Fica claro e irrecusável, portanto, o grande relevo dado ao comportamento ético e probo de todos os integrantes do corpo social, os quais continuam com a indispensável liberdade para cuidar e perseguir seus legítimos interesses, só não podendo buscá-los sem considerações para com o próximo, mormente em relação ao mais fraco, é dizer:

“Se por um lado a eticidade convoca os atores sociais para a luta em nome da lealdade, da probidade e da honestidade, por outro, a socialidade busca evitar que o mais forte –apenas por ser mais forte- faça prevalecer os seus interesses sobre os do mais fraco. A eticidade diz: seja leal; a socialidade diz: seja justo. São valores complementares na formação de um novo paradigma jurídico” (5).

Especificamente quanto ao princípio da socialidade, pela clareza e consistência da exposição, de reproduzir a posição de Fernando Costa Azevedo (6): “Pelo princípio da socialidade, busca-se conciliar as dimensões individual (ser humano enquanto indivíduo em si mesmo) e política (ser humano como cidadão, isto é, como ser social, relacional, condicionado pelo ambiente em que vive) da pessoa humana. Ou seja: busca-se um afastamento das concepções radicais de um coletivismo que anule a pessoa humana e de um individualismo que não leve em conta a necessidade da pessoa respeitar certos bens e valores coletivos”.

 Irrecusavelmente, esse novo paradigma para o direito civil como um todo, repercute nas relações contratuais.

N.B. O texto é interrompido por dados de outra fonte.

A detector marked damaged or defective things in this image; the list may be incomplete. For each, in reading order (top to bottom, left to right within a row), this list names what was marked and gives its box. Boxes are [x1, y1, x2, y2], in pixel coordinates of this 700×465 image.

Fique claro que não se está aqui afirmando que os fins sempre visados com a celebração de algum contrato não contam mais, longe disso, pois continuam contando e muito, o contrato continua a ser privilegiada fonte de circulação de riquezas, e tem a função de atender aos interesses das partes; apenas observo que, para atingir esses escopos, não podem os interessados ignorar os interesses de outros, da sociedade, porquanto, como dilucida Rafael Wainstein Zinn (7):


“Atualmente, os pactos continuam a servir de instrumento para a circulação de riquezas, mas já não podem simplesmente atender a interesses meramente individuais; devem estar de acordo com os interesses sociais, da coletividade”

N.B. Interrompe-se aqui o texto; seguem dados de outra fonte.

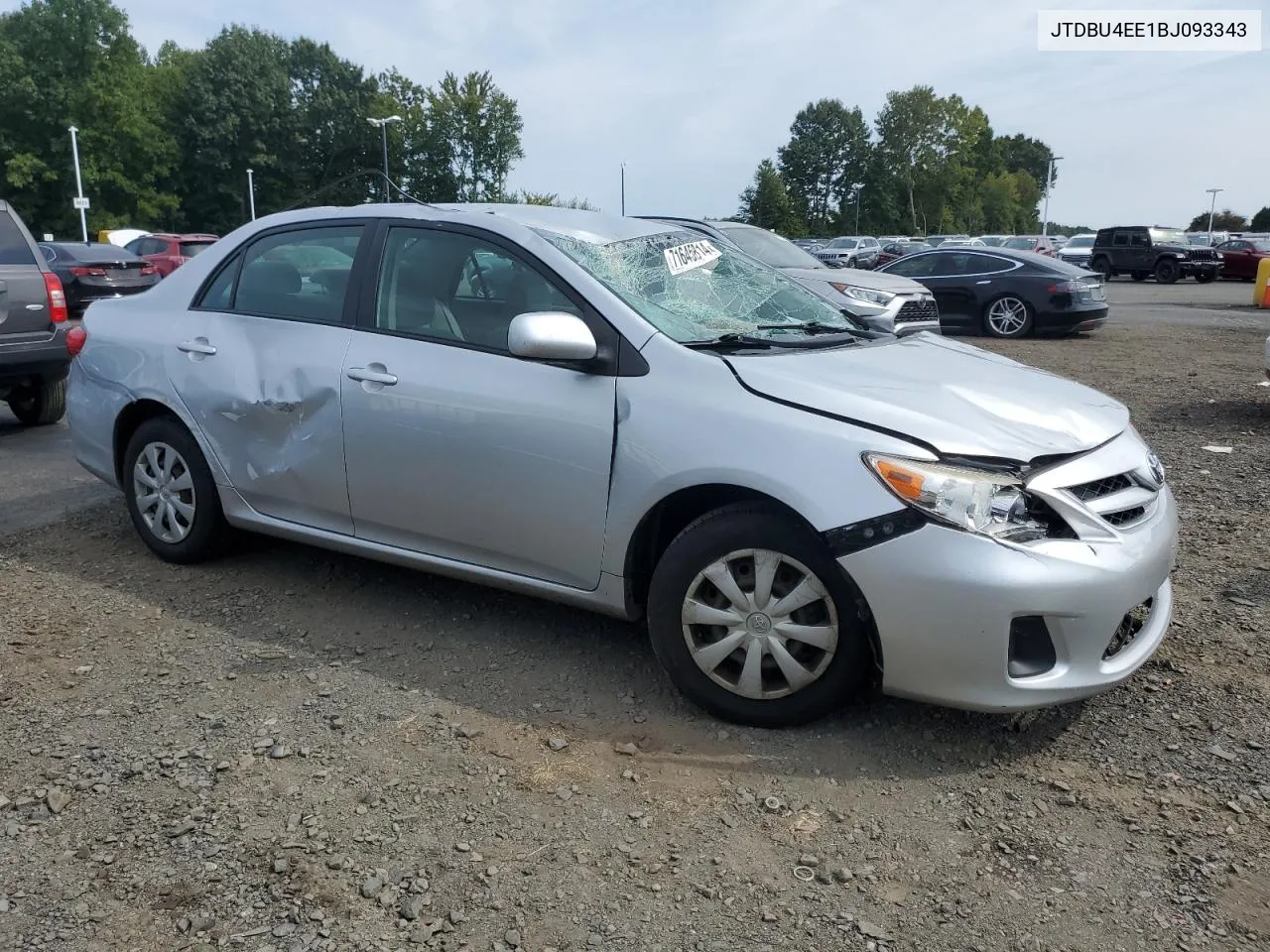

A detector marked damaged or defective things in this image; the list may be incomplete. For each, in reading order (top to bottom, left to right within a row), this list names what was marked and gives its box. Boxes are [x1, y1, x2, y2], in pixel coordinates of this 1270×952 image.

shattered windshield [540, 229, 857, 343]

Curioso notar o quanto é difícil a certos segmentos da sociedade, habituados com a busca pelo ter, sem qualquer consideração com o ser, a se limitar a lutar pelos seus interesses (aqui relevam os legítimos, não é demais repetir), sem afogar os interesses do outro, que com eles contratam, antes, reconhecendo-os ou, como superiormente dito pela pena de Lauro Augusto Moreira Maia, verbis: “O comportamento dos negociantes deixa de ser ‘a tentativa de ganhar mais’ para ser a busca pelo ‘ganhar sem aniquilar o outro e reconhecendo no outro todos esses valores” (8); logicamente, não podem os dois contratantes se juntar para aniquilar e/ou não reconhecer, ignorando-os, os direitos de um terceiro, no que nos importa de momento, um trabalhador, cujo trabalho beneficia-os.

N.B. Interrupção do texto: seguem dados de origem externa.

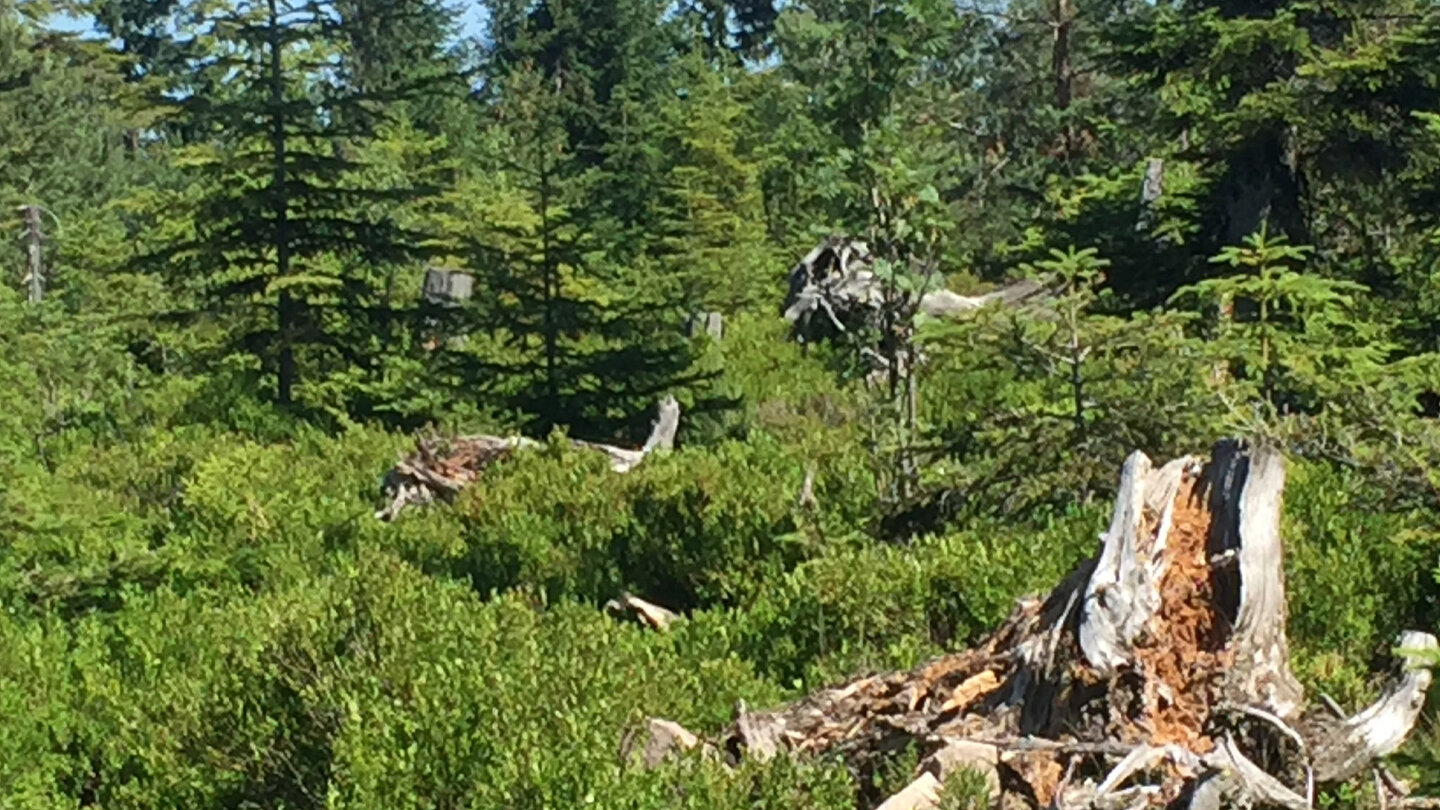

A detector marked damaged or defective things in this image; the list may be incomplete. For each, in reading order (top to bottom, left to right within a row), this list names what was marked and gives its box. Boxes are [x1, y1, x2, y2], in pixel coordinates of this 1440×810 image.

E assim há mesmo de ser, já que a rede de ligações entre as pessoas no mundo contemporâneo, faz com que o ato praticado por uma repercuta na esfera de outra (s), o que não pode ser desconsiderado, lembrando que “O Direito contemporâneo não descura do fato de que os contratos não afetam apenas as partes imediatamente a eles vinculados. Como em um dominó, em que a queda de uma peça implica a da seguinte, o contrato irradia seus efeitos (benéficos ou maléficos) por onde quer que seja celebrado. Econômicos, jurídicos ou sociais, os efeitos devem ser sopesados quando da celebração e revisão dos contratos” (9).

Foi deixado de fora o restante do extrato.